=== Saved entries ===
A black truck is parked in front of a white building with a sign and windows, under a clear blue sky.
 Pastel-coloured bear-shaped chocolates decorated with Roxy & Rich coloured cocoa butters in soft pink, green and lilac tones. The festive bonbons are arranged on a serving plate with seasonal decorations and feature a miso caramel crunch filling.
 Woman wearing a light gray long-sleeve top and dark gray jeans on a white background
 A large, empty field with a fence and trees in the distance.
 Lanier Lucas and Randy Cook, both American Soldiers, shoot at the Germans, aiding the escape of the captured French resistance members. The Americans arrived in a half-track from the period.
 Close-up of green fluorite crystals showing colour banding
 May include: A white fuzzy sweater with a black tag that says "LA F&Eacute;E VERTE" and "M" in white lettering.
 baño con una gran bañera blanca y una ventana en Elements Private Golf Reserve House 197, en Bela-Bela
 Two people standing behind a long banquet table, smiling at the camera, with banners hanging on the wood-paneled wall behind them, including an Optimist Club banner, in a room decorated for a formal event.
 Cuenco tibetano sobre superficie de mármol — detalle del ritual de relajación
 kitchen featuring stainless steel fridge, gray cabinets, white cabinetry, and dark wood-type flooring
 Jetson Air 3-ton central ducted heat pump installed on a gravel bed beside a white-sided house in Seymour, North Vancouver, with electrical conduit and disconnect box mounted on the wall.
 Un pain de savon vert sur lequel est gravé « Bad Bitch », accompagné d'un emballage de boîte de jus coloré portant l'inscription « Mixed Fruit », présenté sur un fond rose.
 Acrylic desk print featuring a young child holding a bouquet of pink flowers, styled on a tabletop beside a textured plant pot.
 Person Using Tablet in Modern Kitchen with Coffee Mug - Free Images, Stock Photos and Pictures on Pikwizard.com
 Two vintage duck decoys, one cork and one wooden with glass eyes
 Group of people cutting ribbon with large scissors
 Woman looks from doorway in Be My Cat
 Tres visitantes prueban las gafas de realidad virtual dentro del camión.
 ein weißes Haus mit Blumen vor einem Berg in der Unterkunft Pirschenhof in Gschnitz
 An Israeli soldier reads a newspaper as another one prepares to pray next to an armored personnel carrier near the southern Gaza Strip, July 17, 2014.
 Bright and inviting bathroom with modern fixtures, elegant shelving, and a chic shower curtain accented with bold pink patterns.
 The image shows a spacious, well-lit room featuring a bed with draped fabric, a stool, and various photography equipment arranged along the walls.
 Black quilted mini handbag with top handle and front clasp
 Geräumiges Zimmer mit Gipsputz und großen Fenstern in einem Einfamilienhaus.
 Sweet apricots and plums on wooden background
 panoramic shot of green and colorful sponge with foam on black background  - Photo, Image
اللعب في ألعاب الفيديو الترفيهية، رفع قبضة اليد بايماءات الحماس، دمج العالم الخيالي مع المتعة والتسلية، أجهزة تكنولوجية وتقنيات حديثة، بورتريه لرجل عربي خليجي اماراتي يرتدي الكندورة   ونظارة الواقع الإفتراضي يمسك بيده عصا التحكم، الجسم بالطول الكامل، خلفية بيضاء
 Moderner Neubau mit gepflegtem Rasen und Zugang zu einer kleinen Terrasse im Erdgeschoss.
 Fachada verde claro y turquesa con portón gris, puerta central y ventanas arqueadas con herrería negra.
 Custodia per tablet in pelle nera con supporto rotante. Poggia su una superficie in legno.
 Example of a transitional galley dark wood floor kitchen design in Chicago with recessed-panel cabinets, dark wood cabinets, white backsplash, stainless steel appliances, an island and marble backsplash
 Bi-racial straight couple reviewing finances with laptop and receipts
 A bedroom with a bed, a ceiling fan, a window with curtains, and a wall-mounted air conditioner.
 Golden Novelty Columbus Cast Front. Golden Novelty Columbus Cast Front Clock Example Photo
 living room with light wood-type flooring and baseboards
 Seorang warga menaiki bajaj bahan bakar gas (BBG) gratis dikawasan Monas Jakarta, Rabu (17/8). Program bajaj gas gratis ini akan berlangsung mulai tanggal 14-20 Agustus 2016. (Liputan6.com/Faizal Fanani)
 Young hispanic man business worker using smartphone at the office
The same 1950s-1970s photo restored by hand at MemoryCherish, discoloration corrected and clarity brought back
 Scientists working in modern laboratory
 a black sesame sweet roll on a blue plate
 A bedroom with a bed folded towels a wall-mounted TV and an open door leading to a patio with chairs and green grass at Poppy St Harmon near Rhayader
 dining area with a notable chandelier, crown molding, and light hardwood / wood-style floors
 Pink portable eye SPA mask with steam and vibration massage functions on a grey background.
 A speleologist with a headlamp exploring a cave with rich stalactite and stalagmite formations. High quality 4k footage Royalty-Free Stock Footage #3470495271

=== Problem statement ===
Find all lines in the records that hold the word "green". Copy them.

=== Result of the task ===
 Pastel-coloured bear-shaped chocolates decorated with Roxy & Rich coloured cocoa butters in soft pink, green and lilac tones. The festive bonbons are arranged on a serving plate with seasonal decorations and feature a miso caramel crunch filling.
 Close-up of green fluorite crystals showing colour banding
 panoramic shot of green and colorful sponge with foam on black background  - Photo, Image
 A bedroom with a bed folded towels a wall-mounted TV and an open door leading to a patio with chairs and green grass at Poppy St Harmon near Rhayader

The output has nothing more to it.